/---

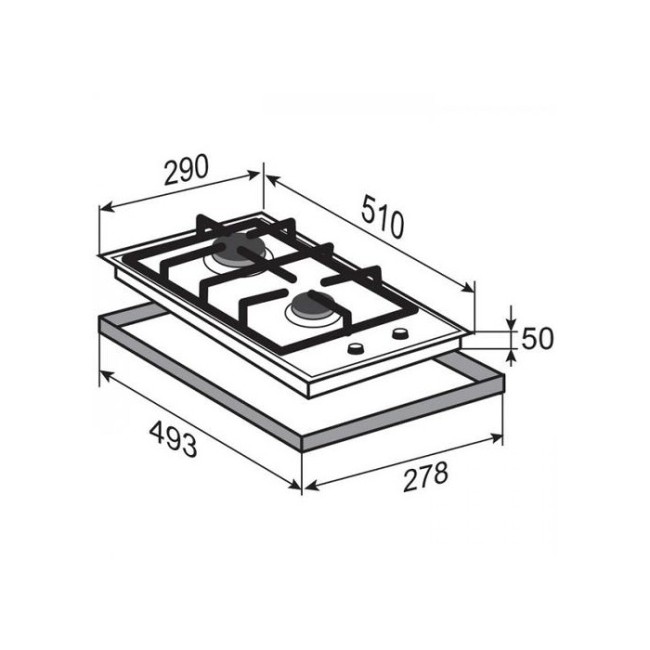 Встраиваемая газовая варочная панель Reex PG-3020LC Ix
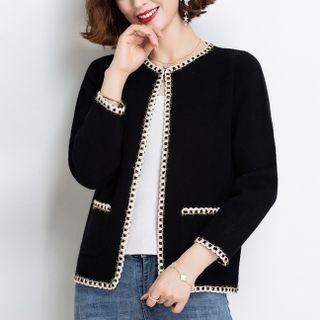 Long-sleeve Round-neck Contrast-trim Cardigan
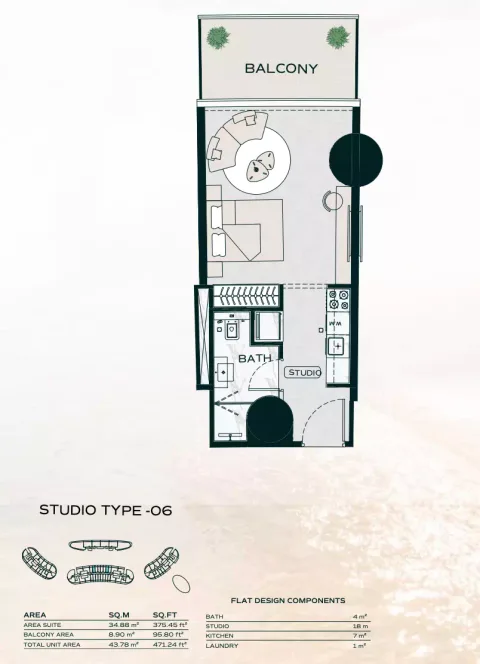 Floor plan, Studio, 471 sq ft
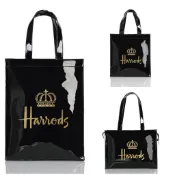 ♥黑色皇冠♥ 英倫名品 Harrods 大容量防水PVC購物袋 英倫風情哈洛德 手提袋 便當袋A4書袋 手提包 單肩女包
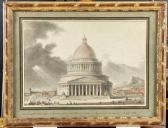 BENARD Charles Joachim Vue Perspective D'une Église Cathédrale BENARD Charles Joachim Vue Perspective D'une Église Cathédrale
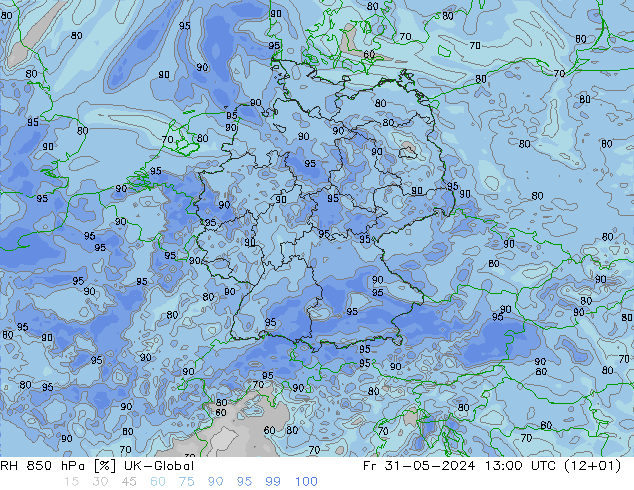 RH 850 hPa UK-Global ven 31.05.2024 13 UTC
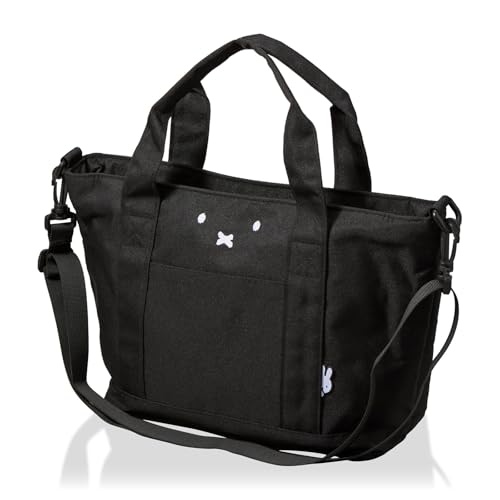 Hapitas Miffy 6061 2-Way Tote Bag, Horizontal B98 Face Black, One Size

\---

• [Aim of the task] What are the lines in the records above, word for word, from the one containing "Long-sleeve Round-neck Contrast-trim" through the one containing "RH 850 hPa UK-Global ven 31.05.2024 13 UTC", both ends included and pictures left out?

• [Reply to the task]
 Long-sleeve Round-neck Contrast-trim Cardigan
 Floor plan, Studio, 471 sq ft
 ♥黑色皇冠♥ 英倫名品 Harrods 大容量防水PVC購物袋 英倫風情哈洛德 手提袋 便當袋A4書袋 手提包 單肩女包
 BENARD Charles Joachim Vue Perspective D'une Église Cathédrale BENARD Charles Joachim Vue Perspective D'une Église Cathédrale
 RH 850 hPa UK-Global ven 31.05.2024 13 UTC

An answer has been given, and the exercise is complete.